Trying to entice steel-string players over to nylon is a growing market and Cort has made a very playable stab at it.

Pros

  • Modern looks.
  • Great range.

Cons

  • Not the biggest, fullest electro nylon-string we’ve heard.

As one of the largest manufacturers of electric and acoustic guitars on the planet, Cort offers a massive range, at
very affordable prices, with some pretty forward-thinking designs, too. 

This Indonesian-made Nylectric is a case in point: a nylon-string electro - designed specifically for stage use - that owes little to the heritage of the classic guitar. 

Based on the single-cutaway outline of the Gretsch-y Sunset electrics, the Nylectric has a 53mm deep thinline, hollow chambered mahogany body, topped with a thin (laminated) spruce fan-braced top. 

There are no soundholes, which gives the Nylectric a modern look, enhanced by the trio of electric guitar-like controls - volume and centre-notched bass and treble cut/ boost EQs - for the adjustment of the B-Band A11 under-saddle/preamp system. 

In typical ‘hybrid’ style, the Nylectric centres on a quoted 650mm (25.6-inch) scale length but features a reduced-width 45mm nut, a 305mm (12-inch) cambered rosewood fingerboard, and classical-width 60mm string spacing at the compensated saddle of the tie-block bridge. 

The neck ‘bolts’ to the body via four inset screws on a heavily-contoured heel, emerging at the 16th fret like a Les Paul rather than a Ramirez.
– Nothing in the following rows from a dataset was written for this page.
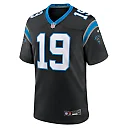 Zennovawear Men's Carolina Panthers Adam Thielen Black Team Game Jersey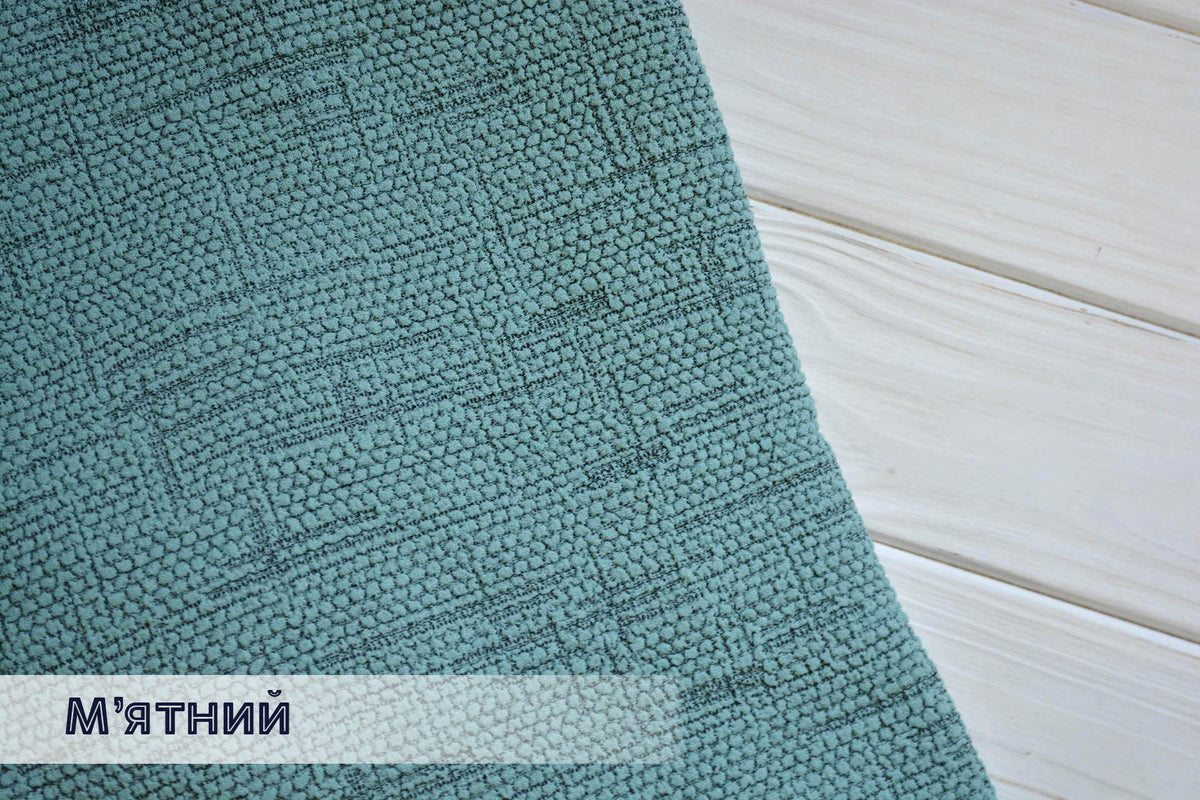 Жакардові чохли на стільці Kora без спідниці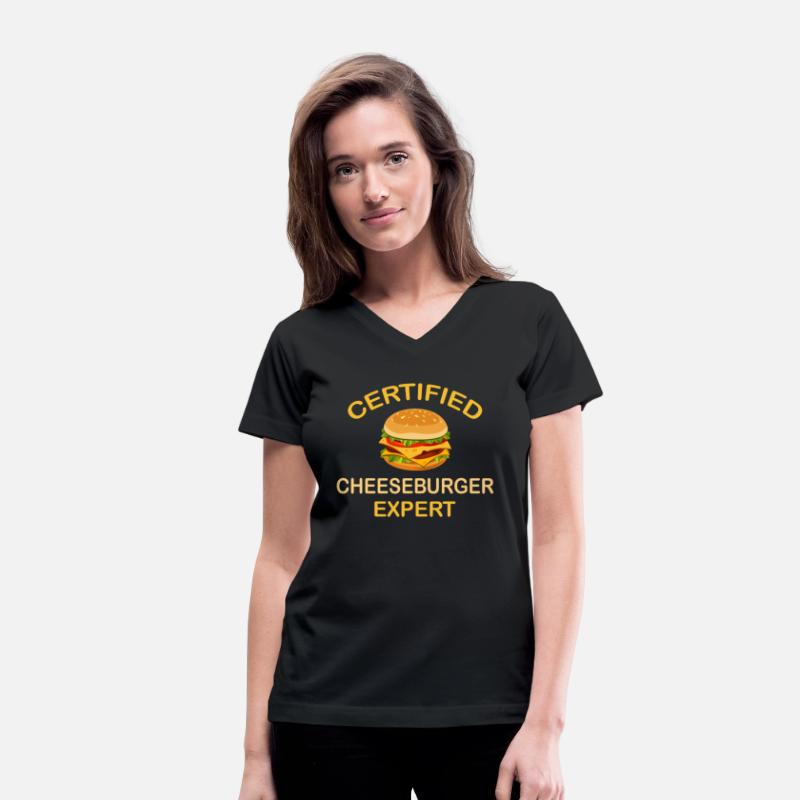 Certified Cheeseburger Expert - Fast Food Lovers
There’s a very unclassical feel to the mahogany neck - a nicely relaxed C profile - which, combined with the reduced width, shouldn’t be a problem for any steel-string players, not least in its fast satin finish. The rest of the guitar is glossed, not too heavily, and there’s a choice of this natural or a black colour. 

Sounds

As its looks suggest, the Nylectric feels more like an electric than a standard nylon-string classical. Played seated, the guitar is comfortable, although the neck extends a lot further to your left than the standard instrument. 
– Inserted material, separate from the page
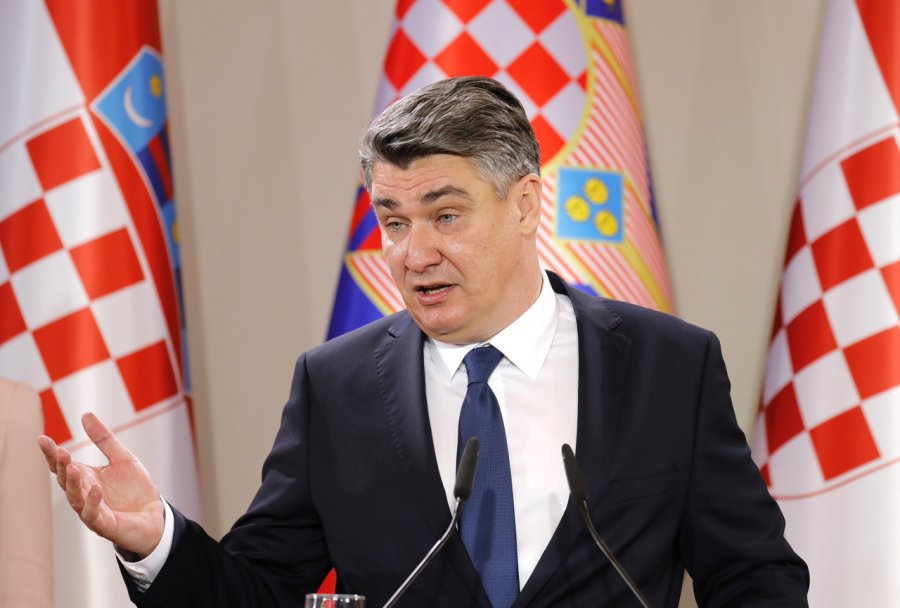Milanoviqi turpi i politikës së Kroacisë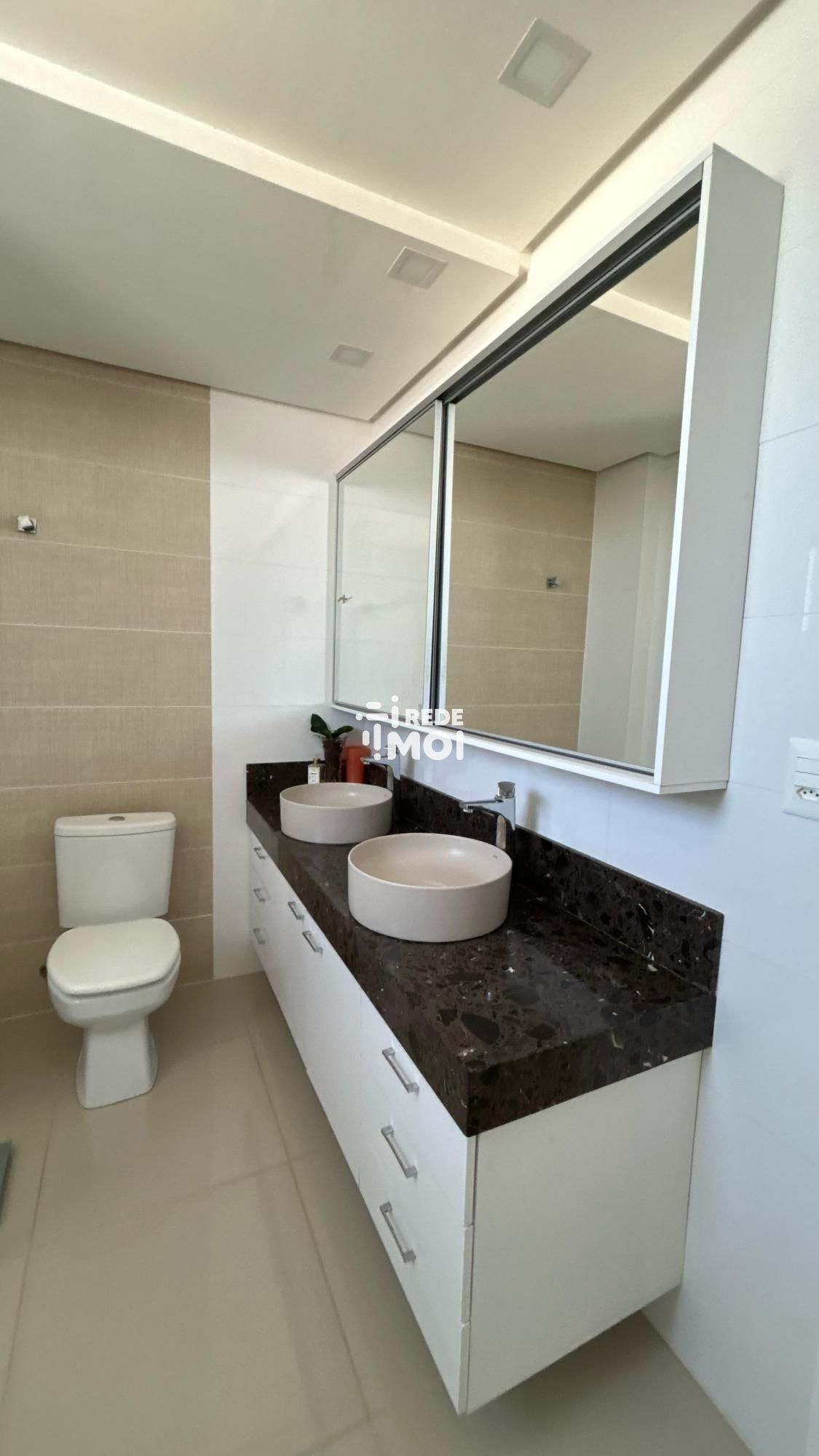 Banheiro suíte Casal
Strapped on, things feel even more electric-like, but the guitar is light in weight (2.24kg) and nicely balanced. Despite the lack of any soundhole, there’s a good unplugged, low-volume sound, ideal for noodling in front of the TV or for practice. 

There’s a classical-ish character that makes Latin and jazz style feel very comfortable, too, thanks to the neck. And the range is bonkers - you can easily reach the top 22nd fret. 

Plugged in, it’s not the biggest, fullest electro nylon-string we’ve ever heard, but the string output is balanced with a good level and clean signal with no intrusive hiss. The EQs are broad, and adding some bass and a little treble reduction give us a little more body. Used with a pick for a little fiery Latin lead line action, the Nylectric sounds really good: less so for solo performance, but not too shabby, either. 

Trying to entice steel-string players over to nylon is a growing market and Cort has made a very playable stab, focusing more on stage use, especially with a band. The Nylectric is nicely made, lightweight and pretty feedback-resistant (it’s still a hollowbody, don’t forget); it feels more like an electric and plays effortlessly, especially for pick-fuelled Rodrigo-like styles.